La fidélité chrétienne dans l’épreuve


Mgr Henri TEISSIER
Archevêque d’Alger

L’obligation dans laquelle je me suis trouvé de participer à l’ordination épiscopale de notre nouveau Nonce, un Ougandais, m’a conduit à Kampala où je rédige cette réflexion.

Je viens de relire l’histoire émouvante et admirable des martyrs de l’Ouganda. Il m’est facile d’établir ainsi un lien entre la fidélité à leur vocation de ces néophytes ou de ces catéchumènes africains et la question qui m’est posée ici par la revue Jeunes et Vocations : "Former une Eglise qui propose les vocations par la manière de tenir bon dans l’épreuve ".

J’ai fait un pèlerinage à la basilique de Namugongo, édifiée près du lieu du sacrifice de ces vingt-deux jeunes hommes ou adolescents bagandas mis à mort par leur roi, Mwanga, le "kabaka" de leur nation. Ils avaient refusé de renier leur identité chrétienne et de porter atteinte à leur dignité de vie évangélique.

Je ne veux pas ici raconter à nouveau l’histoire de la naissance de l’Eglise en Ouganda. On, sait comment le tout premier groupe chrétien a engendré lui-même l’élargissement de la communauté des néophytes et des catéchumènes, après le départ forcé des Pères Blancs (1882-1885). On sait comment ces jeunes chrétiens ont marché courageusement vers le bûcher de leur sacrifice ou vers les armes meurtrières de leurs bourreaux. On connaît le développement prodigieux de l’Eglise (catholique ou anglicane) en Ouganda et la place que tient la méditation sur le martyre, dans cette croissance. On sait aussi le nombre de vocations qui sont nées dans cette Eglise fécondée par le martyre dès sa naissance.

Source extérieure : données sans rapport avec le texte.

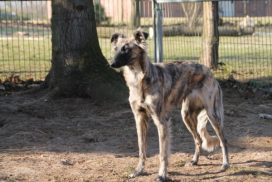 Silken Windsprite Standportrait Bodo Grigoleit
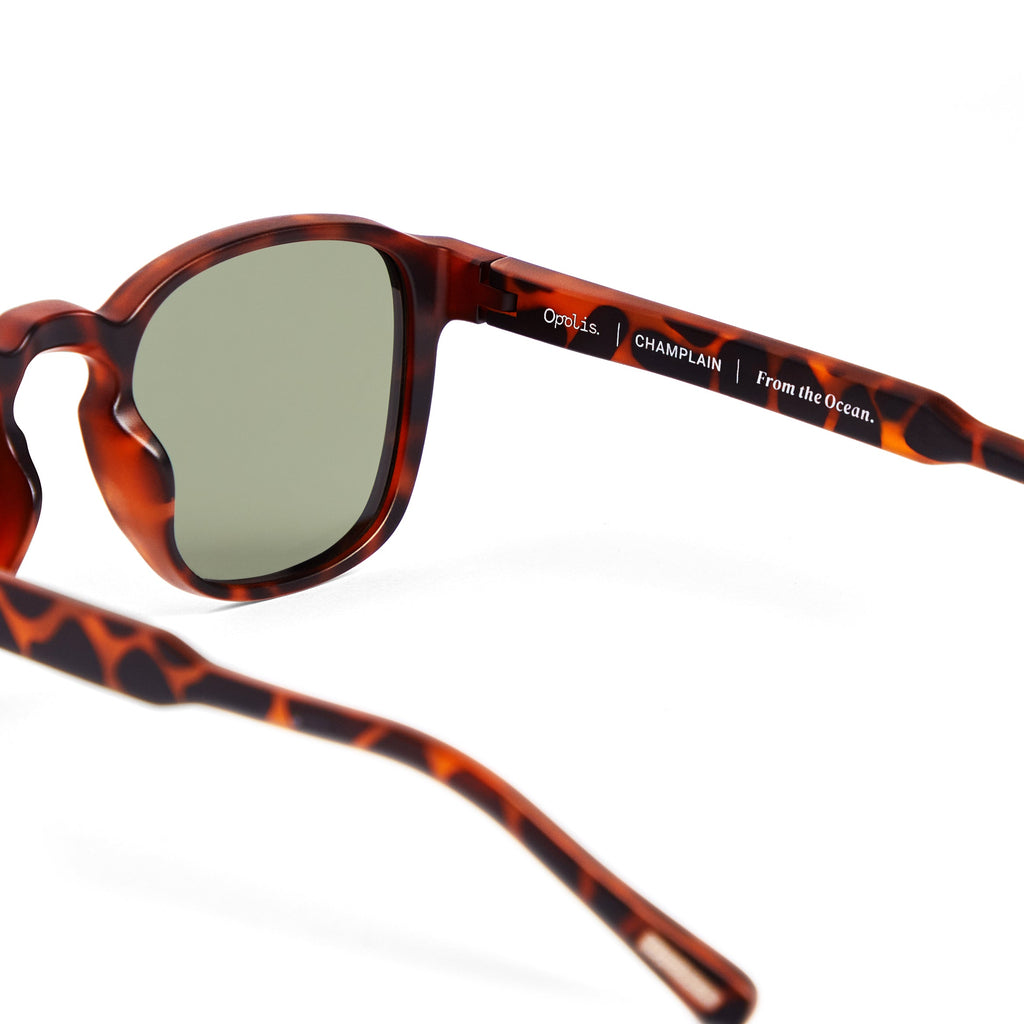 Briny Sunglasses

Le martyre, une folie ou un signe ?

Il m’a été impossible de vivre quelques temps cette histoire de l’Eglise de l’Ouganda sans méditer en même temps, à nouveau, sur le sacrifice de dix-neuf de nos frères et sœurs, évêques, prêtres, religieux ou religieuses entre 1994 et 1996 en Algérie.

Mgr Livinhac, le Père Lourdel, et le frère Amans, des Pères Blancs pouvaient-ils conseiller aux martyrs de l’Ouganda de cacher leur identité chrétienne, ou pire encore de la renier pour sauver leur vie ?

Nos frères moines de Tibhirine pouvaient-ils abandonner le lieu de leur prière solidaire, à la première menace, alors que leurs voisins et amis vivaient les mêmes dangers qu’eux ? Nous savons que toute vie humaine a, devant Dieu, une valeur sacrée et qu’en conséquence, il faut tout faire pour la protéger. Mais quand quelqu’un assume librement les dangers qui le menacent, en fidélité à Dieu, à ses frères et à tout ce qui donne sens à sa vie, peut-on conseiller la démission ? J’ai rencontré tous les parents de nos frères moines à Tibhirine. Ils sont dans la souffrance, après les crimes qui leur ont enlevé l’un des leurs. Mais ils comprennent aussi les motivations profondes qui ont conduit les moines à rester dans leur monastère à l’heure du danger. A certaines heures il y a une cohérence spirituelle absolue entre le sens que l’on donne à sa vie et les risques que l’on est conduit à assumer. La vocation chrétienne, c’est cette orientation profonde de sa vie que le croyant découvre comme un don de Dieu et un appel de l’Eglise. Parfois, il faut l’assumer jusqu’au bout, au péril de sa vie.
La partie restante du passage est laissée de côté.